Consideration of the application for extension of time

  1. In accordance with r 133A(5), I can only extend the time to lodge the appeal if I am satisfied ‘in exceptional circumstances, that to lose the right to make the relevant application would work demonstrable and substantial injustice.’

  2. Whether there are exceptional circumstances and whether the party seeking an extension can show demonstrable and substantial injustice would occur if leave were not granted, is “a composite expression in the rule to be dealt with within jurisdiction.”[6] I must therefore determine whether exceptional circumstances exist and whether a demonstrable or substantial injustice would occur if leave was not granted.

    [6] Bryce v Department of Corrective Services [2009] NSWCA 188, [10], per Allsop P (Beazley and Giles JJA agreeing).

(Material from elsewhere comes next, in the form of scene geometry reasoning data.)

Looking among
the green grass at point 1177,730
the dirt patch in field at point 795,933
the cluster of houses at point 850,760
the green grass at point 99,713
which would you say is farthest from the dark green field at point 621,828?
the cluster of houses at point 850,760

  1. In Yacoub v Pilkington (Australia) Ltd,[7] Campbell JA explained what constitutes exceptional circumstances. His Honour concluded that:

    “(a)    Exceptional circumstances are out of the ordinary course or unusual, or special, or uncommon. They need not be unique, or unprecedented, or very rare, but they cannot be circumstances that are regularly, routinely or normally encountered;

    (b)     Exceptional circumstances can exist not only by reference to quantitative matters concerning relative frequency of occurrence, but also by reference to qualitative factors;

    (c)     Exceptional circumstances can include a single exceptional matter, a combination of exceptional factors, or a combination of ordinary factors which, although individually of no particular significance, when taken together are seen as exceptional;

    (d)     In deciding whether circumstances are exceptional within the meaning of a particular statutory provision, one must keep in mind the rationale of that particular statutory provision, and

    (e)     Beyond these general guidelines, whether exceptional circumstances exist depends upon a careful consideration of the facts of the individual case.” (citations omitted)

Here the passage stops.